Wir vergleichen ständig Heilpflanzen miteinander. Denn das Bessere ist immer der Feind des Guten. Viele überlieferte Daten etwa aus alten Arzneibüchern sind nicht vertrauenswürdig. Wir wenden unsere eigenen Forschungsmethoden an. Diese Prozesse dauern schon mal ein paar Jahre. Dann muss die Unbedenklichkeit und Wirksamkeit nachgewiesen werden, was noch einmal Jahre dauern kann.

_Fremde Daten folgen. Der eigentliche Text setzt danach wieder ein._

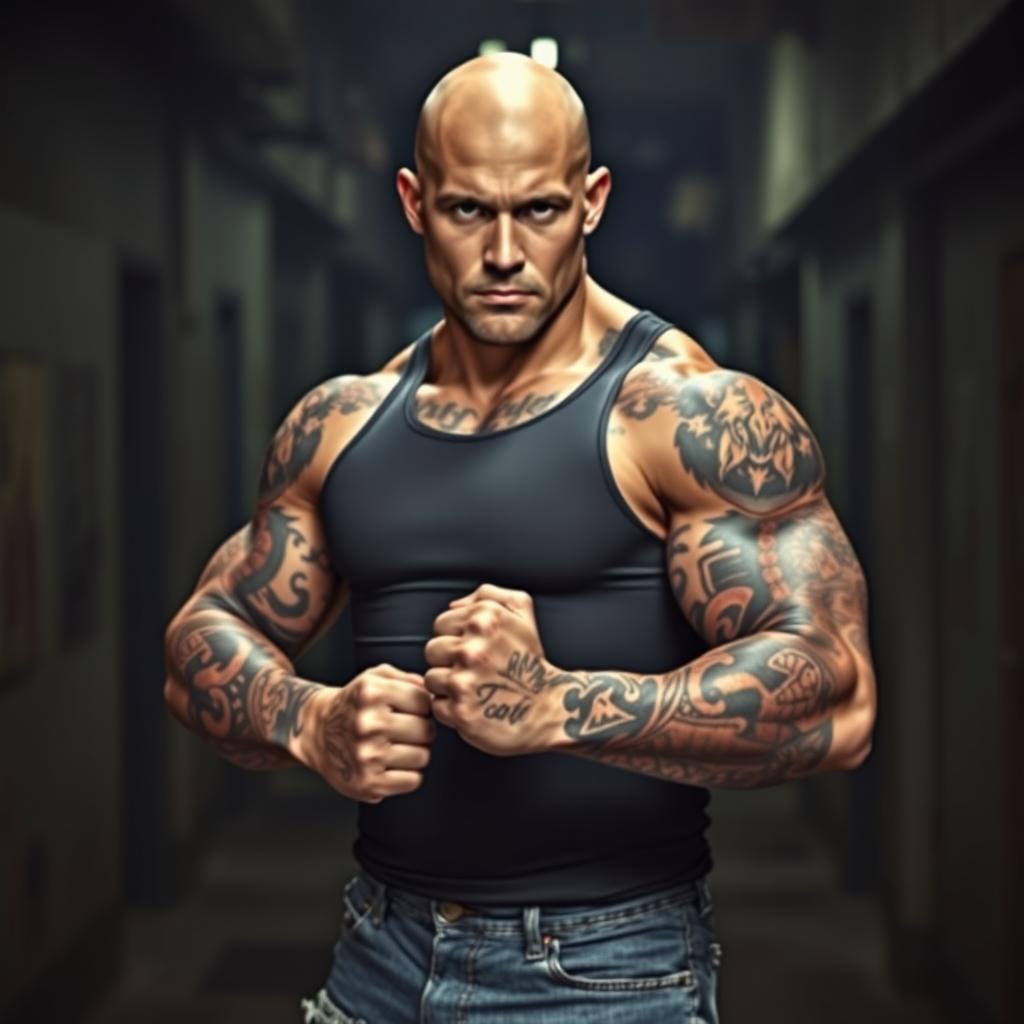 A strong, muscular bald man with impressive tattoos covering his arms and torso, standing confidently in a fighting stance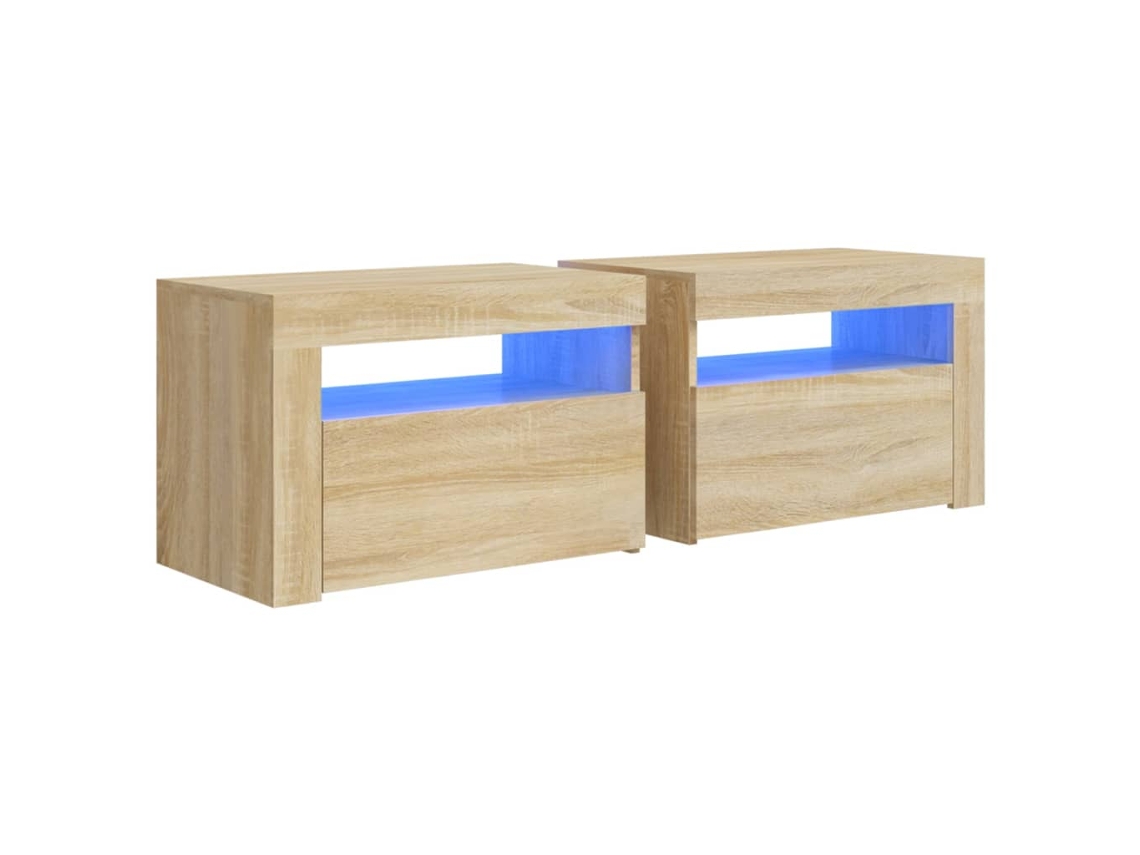 Bedside Cabinet, Bedside Cabinets Vidaxl Marrom Madeira Processada (n/a)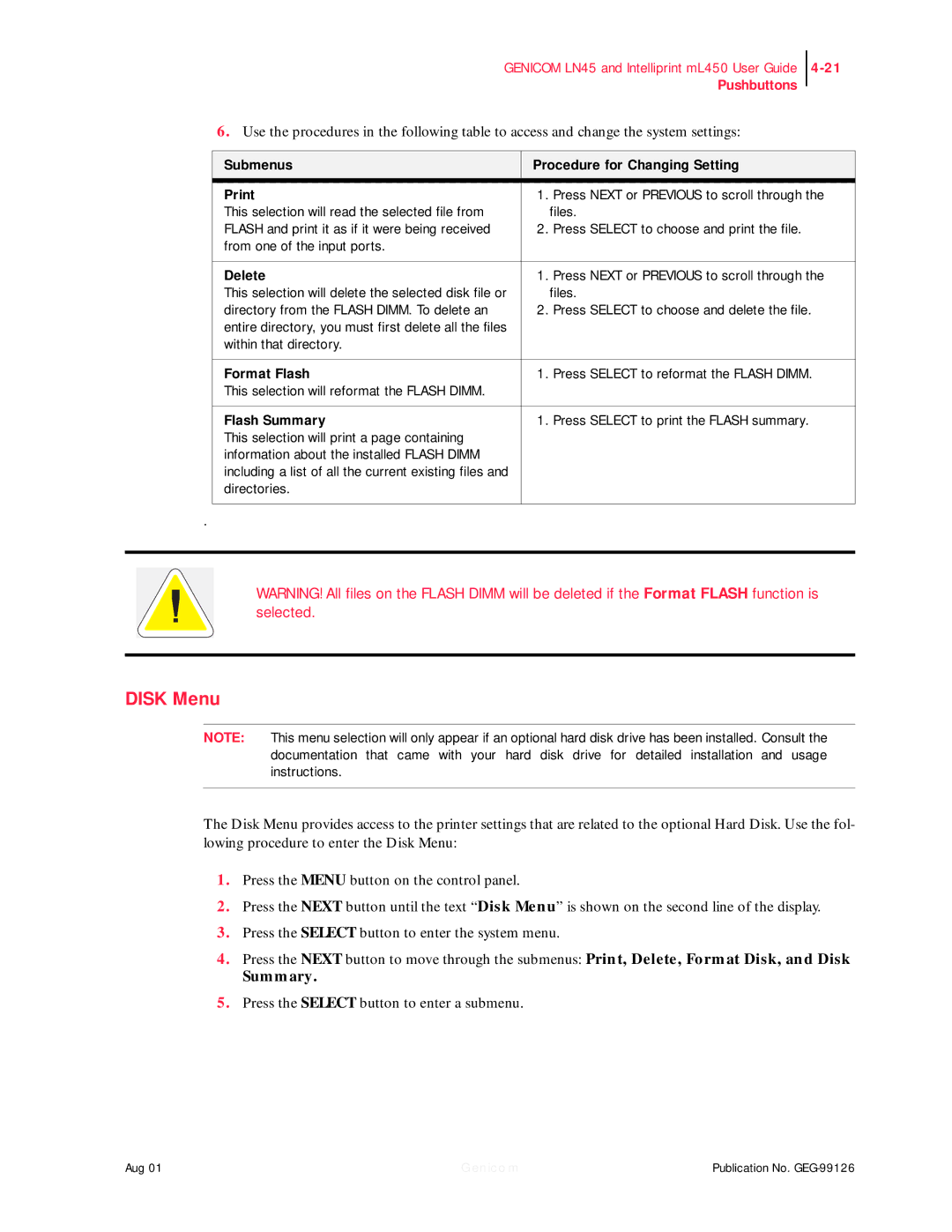 Genicom LN45, ML450 manual Disk Menu, Submenus Procedure for Changing Setting Print, Delete, Format Flash, Flash Summary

Was sind Ihre weiteren Pläne auf Mallorca?

Am 4. Oktober findet wieder ein Benefiz-Abend für meine Stiftung Natureheart auf Castell Miquel statt, mit der wir benachteiligten Kindern die Natur näherbringen. Und ich werde weiter investieren in mein Hobby, die Landwirtschaft. Ich habe mir gerade bei Alaró eine Finca mit Anbaufläche gekauft, um dort Wein anzupflanzen. Ich bin auch am Überlegen, ob ich nicht größer in die Marmeladenproduktion einsteige. Ich habe da schon ein paar Ideen.